▶ **WORK TO COMPLETE**
In the records below, the relevant part opens with the line containing "의왕시가 운영하는 무료" and closes with the line containing "3801 Grayson Ln - Photo Thumbnail 13"; print that part exactly and only, without its pictures.

▶ **EXTRACTED ENTRIES**
*** Block opens ***

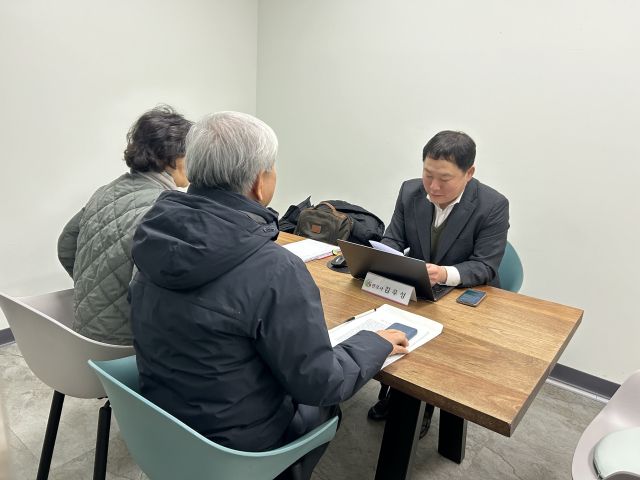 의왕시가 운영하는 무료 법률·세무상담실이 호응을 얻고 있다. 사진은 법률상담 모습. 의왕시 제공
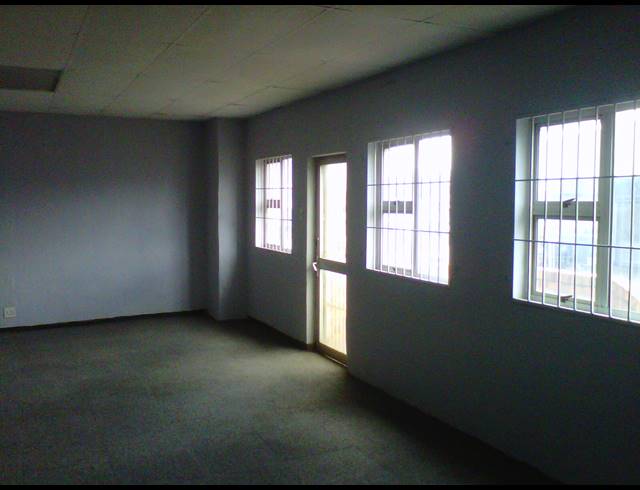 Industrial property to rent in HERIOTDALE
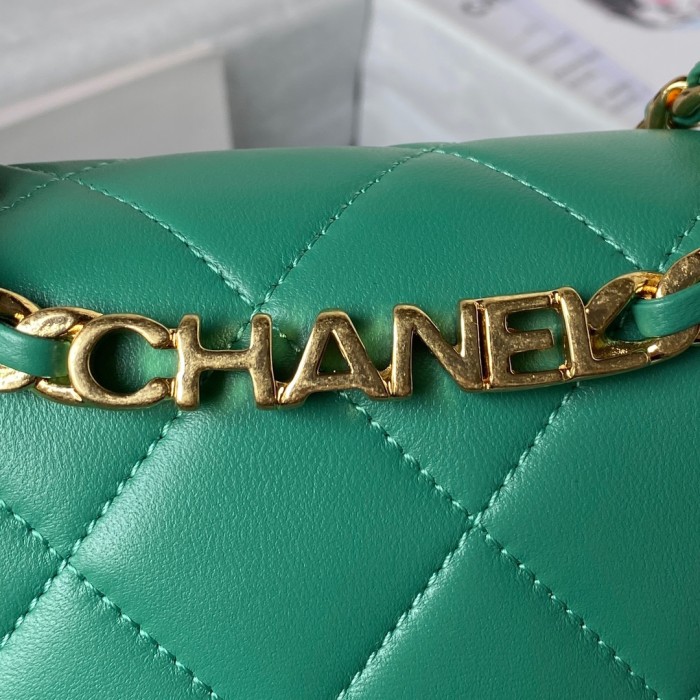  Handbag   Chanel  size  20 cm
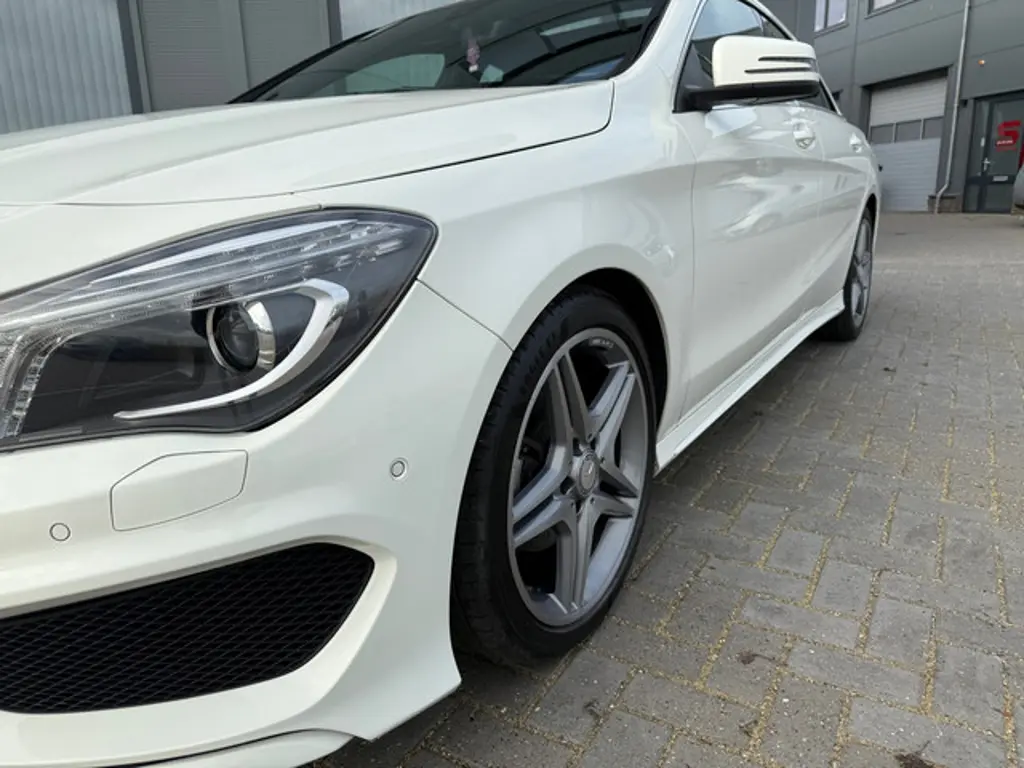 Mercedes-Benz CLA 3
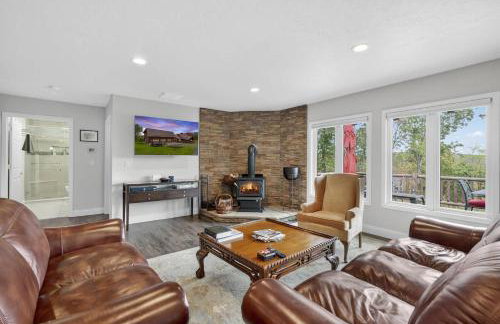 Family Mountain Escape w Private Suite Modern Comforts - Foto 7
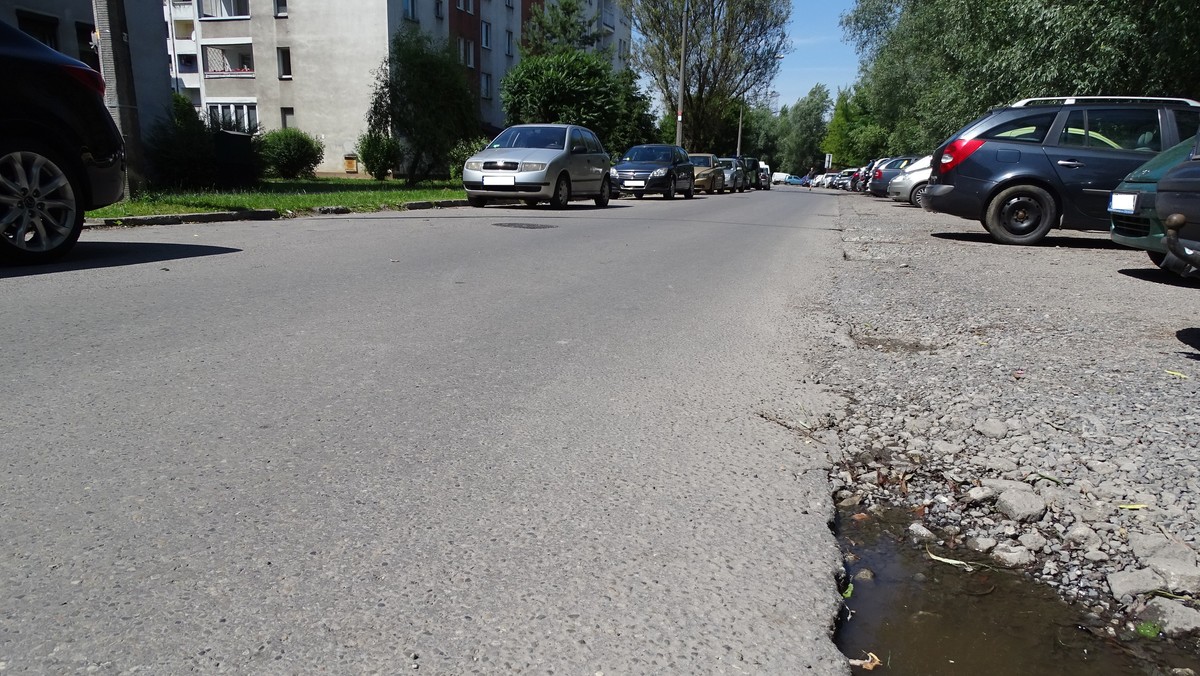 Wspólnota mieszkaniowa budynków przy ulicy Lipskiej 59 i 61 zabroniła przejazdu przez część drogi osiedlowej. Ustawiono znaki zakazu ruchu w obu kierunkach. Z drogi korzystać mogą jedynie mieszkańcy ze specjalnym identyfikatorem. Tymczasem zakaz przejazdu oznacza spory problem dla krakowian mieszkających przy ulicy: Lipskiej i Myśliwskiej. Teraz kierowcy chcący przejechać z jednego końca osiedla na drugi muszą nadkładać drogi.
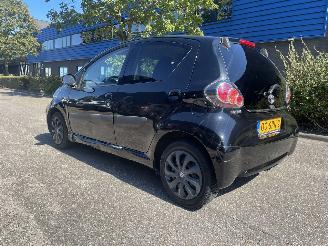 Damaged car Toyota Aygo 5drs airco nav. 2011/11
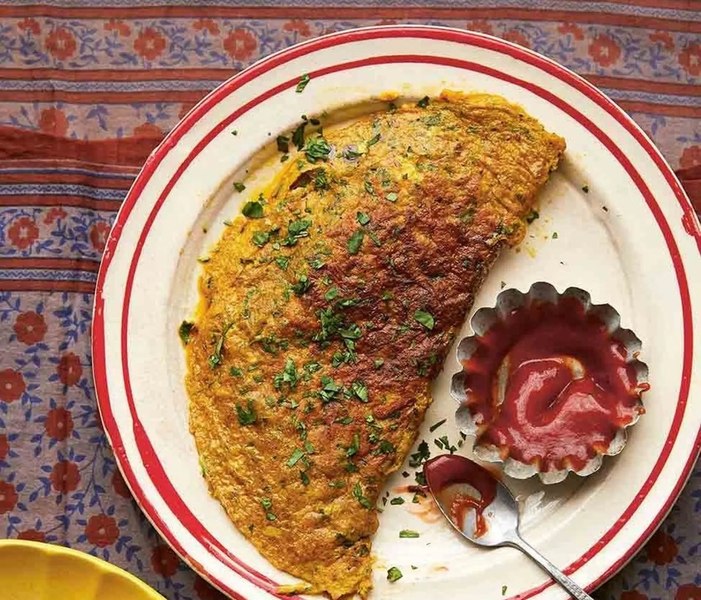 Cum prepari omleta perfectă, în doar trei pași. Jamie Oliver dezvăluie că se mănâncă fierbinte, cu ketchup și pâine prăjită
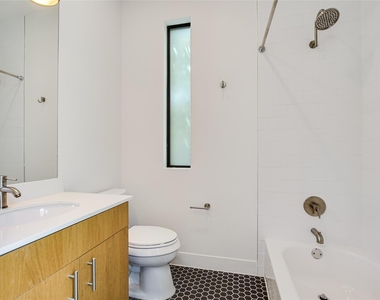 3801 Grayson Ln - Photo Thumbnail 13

*** Block closes ***
*** Block opens ***

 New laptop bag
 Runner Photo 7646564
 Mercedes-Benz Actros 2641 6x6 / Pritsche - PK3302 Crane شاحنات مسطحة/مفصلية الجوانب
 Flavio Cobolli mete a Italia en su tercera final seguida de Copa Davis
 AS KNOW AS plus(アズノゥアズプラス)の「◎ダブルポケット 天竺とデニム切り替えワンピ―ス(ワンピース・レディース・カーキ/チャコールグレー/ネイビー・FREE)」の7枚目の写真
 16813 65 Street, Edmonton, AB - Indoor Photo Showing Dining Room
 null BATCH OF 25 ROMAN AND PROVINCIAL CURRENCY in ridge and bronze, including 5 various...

*** Block closes ***
*** Block opens ***

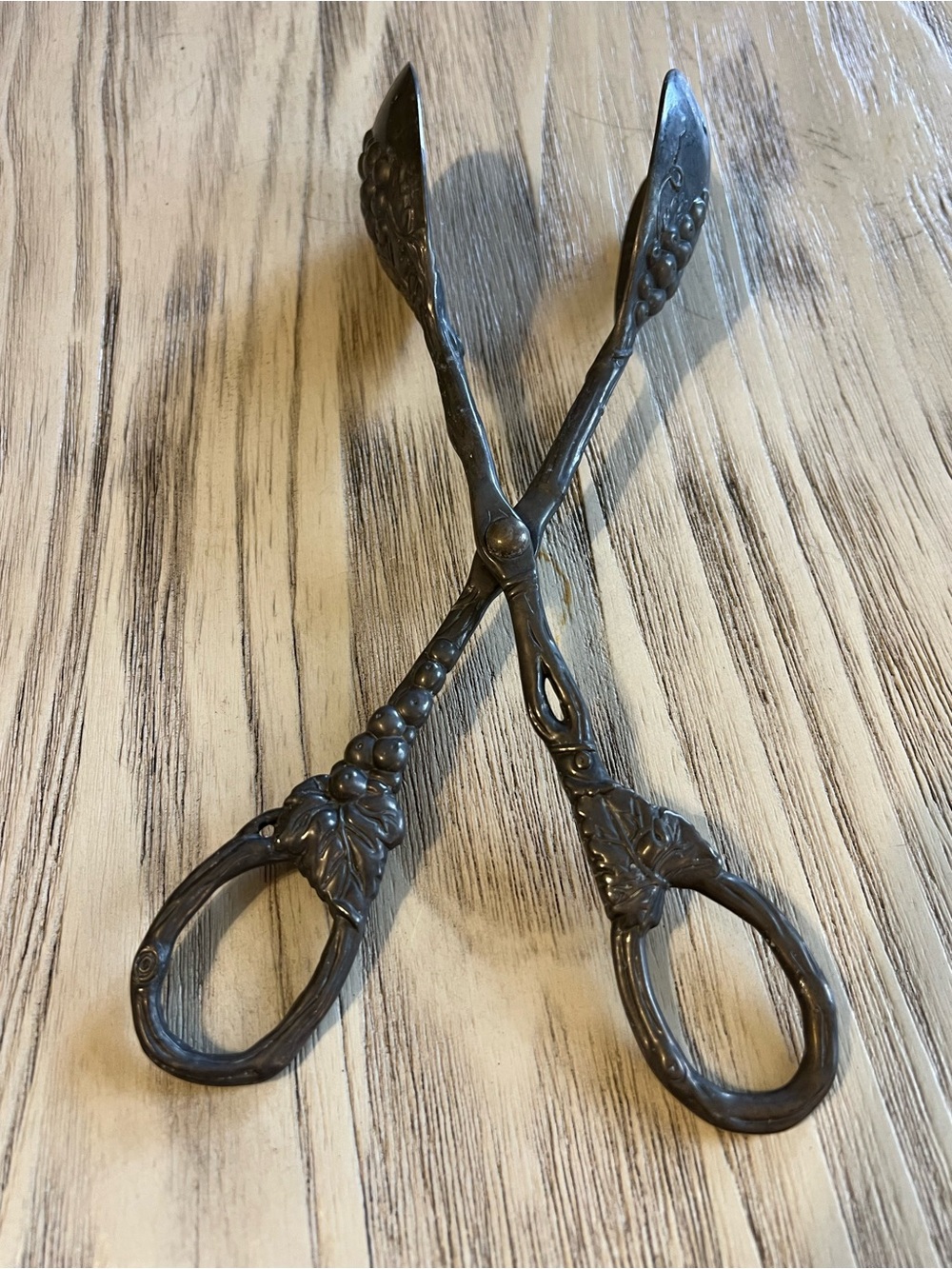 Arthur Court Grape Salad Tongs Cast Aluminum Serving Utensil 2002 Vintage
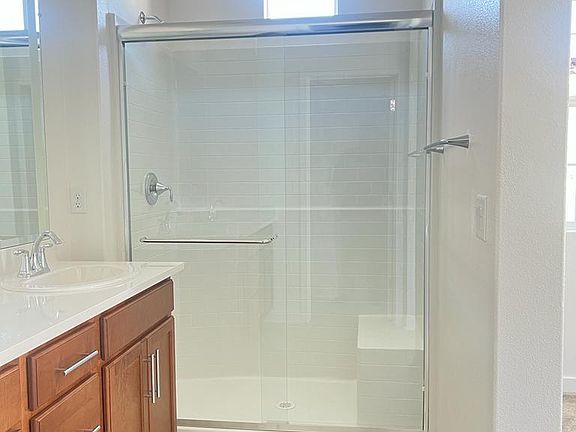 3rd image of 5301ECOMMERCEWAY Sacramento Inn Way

*** Block closes ***

▶ **ANSWER TO THE EXERCISE**
 의왕시가 운영하는 무료 법률·세무상담실이 호응을 얻고 있다. 사진은 법률상담 모습. 의왕시 제공
 Industrial property to rent in HERIOTDALE
  Handbag   Chanel  size  20 cm
 Mercedes-Benz CLA 3
 Family Mountain Escape w Private Suite Modern Comforts - Foto 7
 Wspólnota mieszkaniowa budynków przy ulicy Lipskiej 59 i 61 zabroniła przejazdu przez część drogi osiedlowej. Ustawiono znaki zakazu ruchu w obu kierunkach. Z drogi korzystać mogą jedynie mieszkańcy ze specjalnym identyfikatorem. Tymczasem zakaz przejazdu oznacza spory problem dla krakowian mieszkających przy ulicy: Lipskiej i Myśliwskiej. Teraz kierowcy chcący przejechać z jednego końca osiedla na drugi muszą nadkładać drogi.
 Damaged car Toyota Aygo 5drs airco nav. 2011/11
 Cum prepari omleta perfectă, în doar trei pași. Jamie Oliver dezvăluie că se mănâncă fierbinte, cu ketchup și pâine prăjită
 3801 Grayson Ln - Photo Thumbnail 13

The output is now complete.